HOMOLOGOUS HELICAL JETS: OBSERVATIONS BY IRIS, SDO, AND HINODE AND MAGNETIC MODELING WITH DATA-DRIVEN SIMULATIONS

• Published in: The Astrophysical journal Vol. 801; no. 2; pp. 1 - 13
• Main Authors: Cheung, Mark C. M., Pontieu, B. De, Tarbell, T. D., Fu, Y., Tian, H., Testa, P., Reeves, K. K., Martínez-Sykora, J., Boerner, P., Wülser, J. P., Lemen, J., Title, A. M., Hurlburt, N., Kleint, L., Kankelborg, C., Jaeggli, S., Golub, L., McKillop, S., Saar, S., Carlsson, M., Hansteen, V.
• Format: Journal Article
• Language: English; Norwegian
• Published: United States The American Astronomical Society 10.03.2015; University of Chicago Press
• Subjects: ASTROPHYSICS, COSMOLOGY AND ASTRONOMY; CHROMOSPHERE; COMPARATIVE EVALUATIONS; Computer simulation; Doppler effect; EMISSION SPECTRA; FAR ULTRAVIOLET RADIATION; Helical; JETS; MAGNETIC FIELDS; PHOTOSPHERE; PLASMA; Porosity; Solar observatories; SPACE VEHICLES; SUN; Sun: atmosphere; Sun: chromosphere; Sun: corona; Sun: photosphere; Sun: transition region; TIME DEPENDENCE; TOPOLOGY; VELOCITY
• ISSN: 0004-637X; 1538-4357
• DOI: 10.1088/0004-637X/801/2/83

ABSTRACT We report on observations of recurrent jets by instruments on board the Interface Region Imaging Spectrograph, Solar Dynamics Observatory (SDO), and Hinode spacecraft. Over a 4 hr period on 2013 July 21, recurrent coronal jets were observed to emanate from NOAA Active Region 11793. Far-ultraviolet spectra probing plasma at transition region temperatures show evidence of oppositely directed flows with components reaching Doppler velocities of 100 km s−1. Raster Doppler maps using a Si iv transition region line show all four jets to have helical motion of the same sense. Simultaneous observations of the region by SDO and Hinode show that the jets emanate from a source region comprising a pore embedded in the interior of a supergranule. The parasitic pore has opposite polarity flux compared to the surrounding network field.
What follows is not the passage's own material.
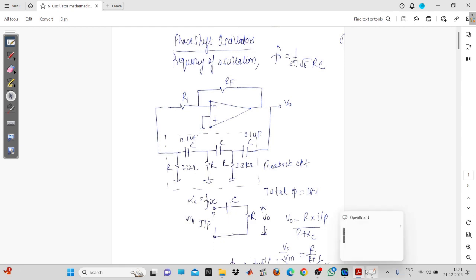Good evening everyone. Today we are going to understand the oscillator using the operational amplifier. We have already studied this oscillator in the third unit. The oscillator is a device which oscillates at a particular frequency — the output will be oscillating at one particular frequency — and it depends upon the selection of the resistor and the capacitor, which are the passive components used in the oscillator circuit.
This leads to a spine-fan magnetic topology in the coronal field that is amenable to jet formation. Time-dependent data-driven simulations are used to investigate the underlying drivers for the jets. These numerical experiments show that the emergence of current-carrying magnetic field in the vicinity of the pore supplies the magnetic twist needed for recurrent helical jet formation.